Der Stoff gelangt nicht nur aus wasserlöslichen Verpackungen von Spülmaschinen-Tabs oder Waschmitteln ins Abwasser. Auch durch Textilien, Klebstoffe, Kosmetikprodukte wie Haarspray, Kontaktlinsen und Damen-Hygieneprodukte. PVA ist in der EU auch als Lebensmittelzusatzstoff zugelassen, z. B. in Form von Filmbeschichtung, von Tabletten oder Kunstdärmen. PVA wird in der Industrie auch als Beschichtung, Bindemittel, Dichtmittel, Oberflächenveredler, Formentrennmittel, als Leimungsmittel in der Papierherstellung eingesetzt.
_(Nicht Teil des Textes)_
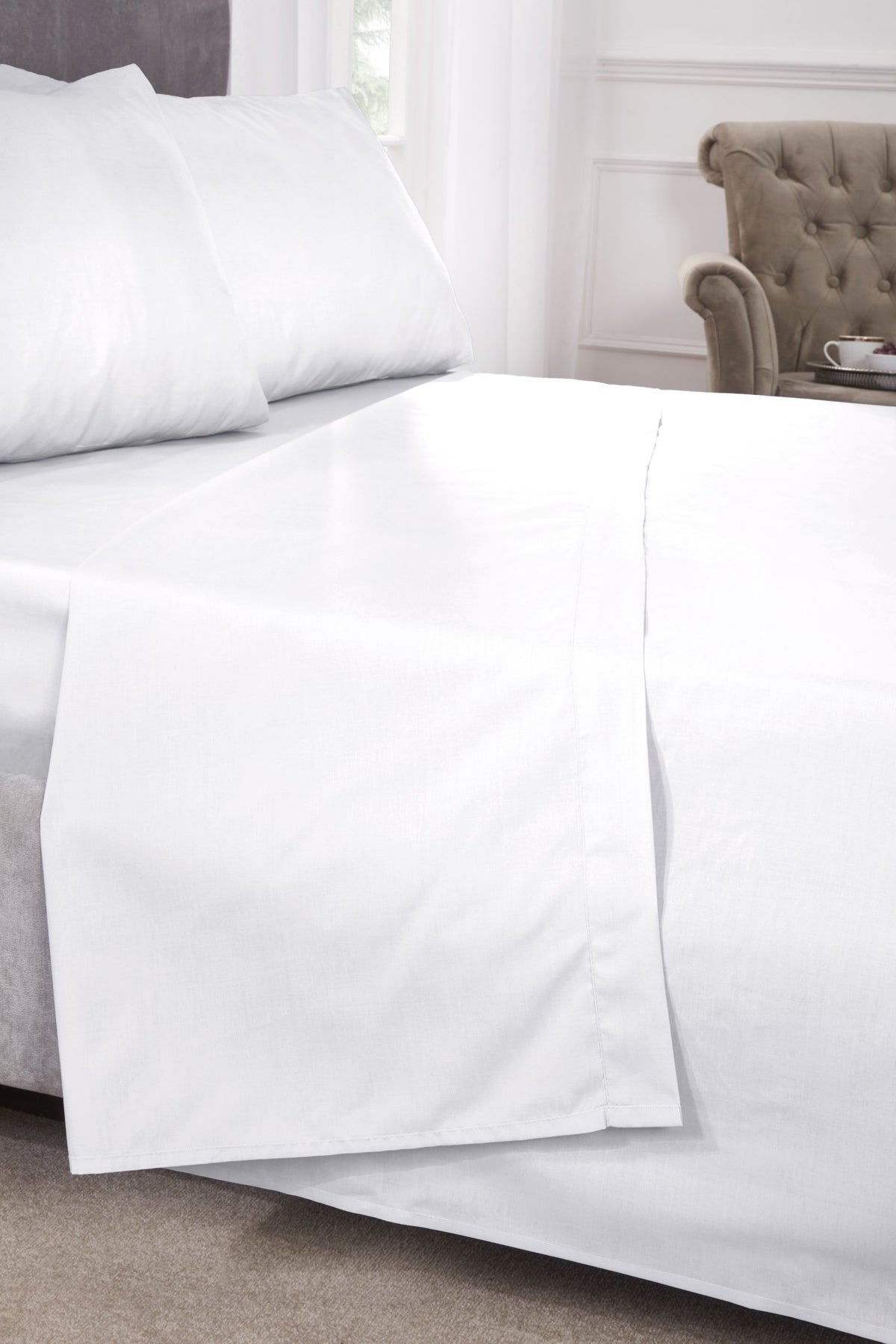White 180 thread count percale flat sheet smooth and easy to iron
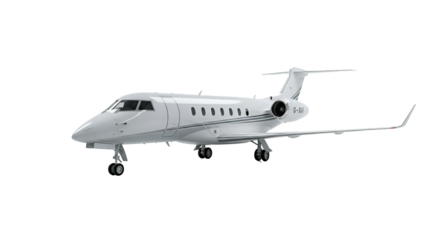 Isolated realistic private jet airplane isolated on black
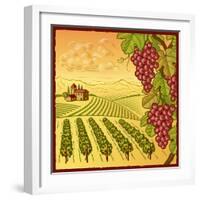 Vineyard Landscape-Oleg Iatsun-Framed Art Print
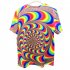 Fashion Unisex Colorful Dazzling 3D Digital Print Loose fitting T shirt as shown M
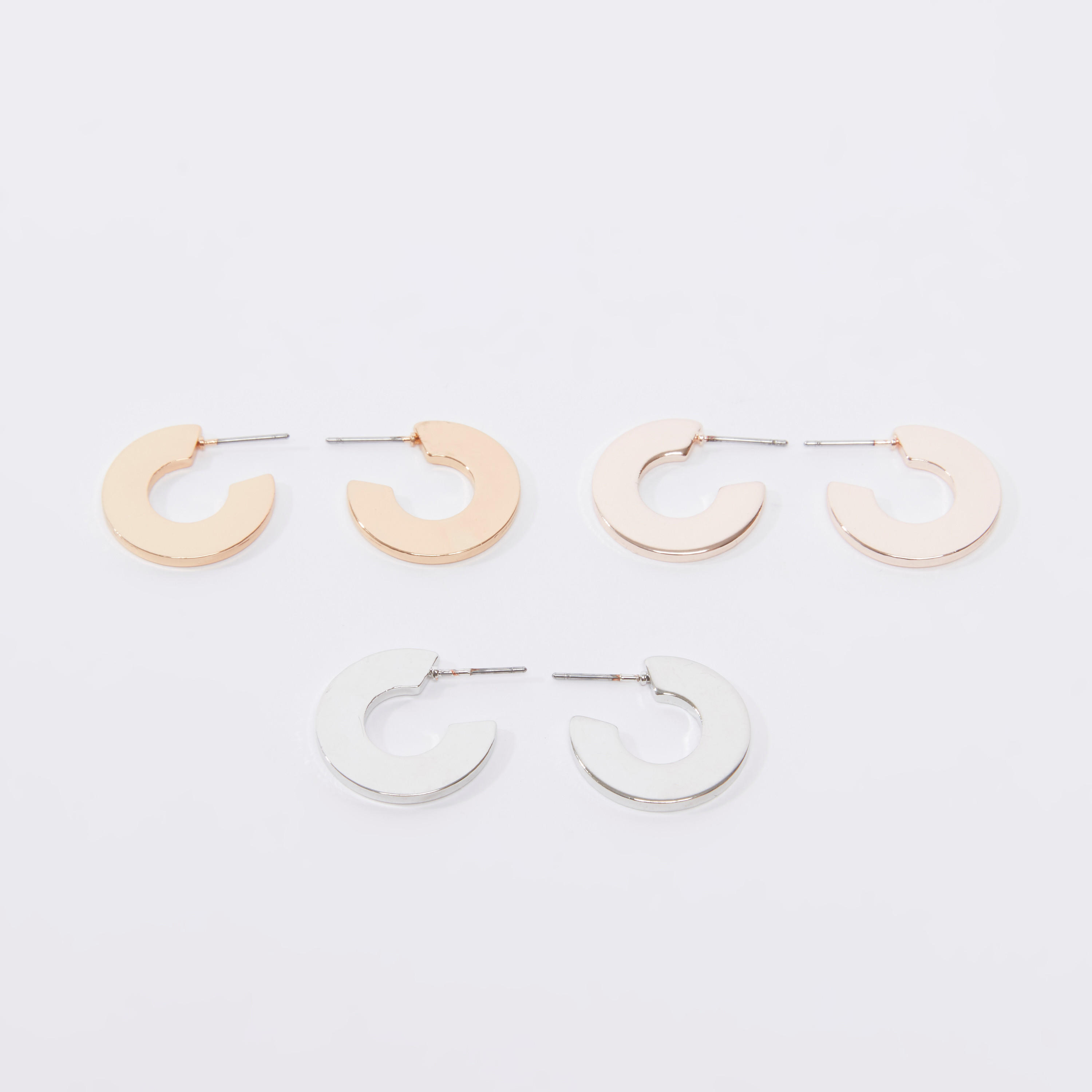 أقراط حلقية بمكبس إغلاق - طقم من 3 قطع-women-watchesandjewellery-jewellery-earrings-image-3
Nicht zuletzt überzieht jeden Euro Geldschein ein dünne Schicht PVA als Schutzfilm vor Abnutzung.
PVA ist eine Substanz, die uns nahezu überall im Alltag begegnet, weil sie extrem wandlungsfähig und daher vielseitig einsetzbar ist. PVA spielt selten die Hauptrolle, aber ist die Substanz, die im Hintergrund entweder verbindet oder trennt und schützt. Diese Eigenschaften machen PVA für uns als bildhauerisches Material sehr spannend. PVA in der Form von Schleim vereint diese widersprüchlichen Eigenschaften, alles was der Schleim unter sich einschließt bleibt von äußeren Einflüssen geschützt, aber der Schleim wird das Darunter auch permanent verändern und besetzen. Es entsteht ein neuer Körper, ein Hybrid. Schleim bringt neues hervor, ist invasiv, langsam in seiner Bewegung, aber unaufhaltsam und als zeitgenössische Ursuppe lässt er uns über die Zeit in der wir leben reflektieren. Schleim bleibt ein autonomes Material das von uns Künstlerinnen nur gelenkt aber nicht geformt werden kann.
Während unserer Residency bei Tokonoma werden wir im temporären Schleimlabor 400 Liter Schleim kochen. Gemeinsam mit Gudskul und Tokonoma wird kollektiv im Fridericianum geschleimt.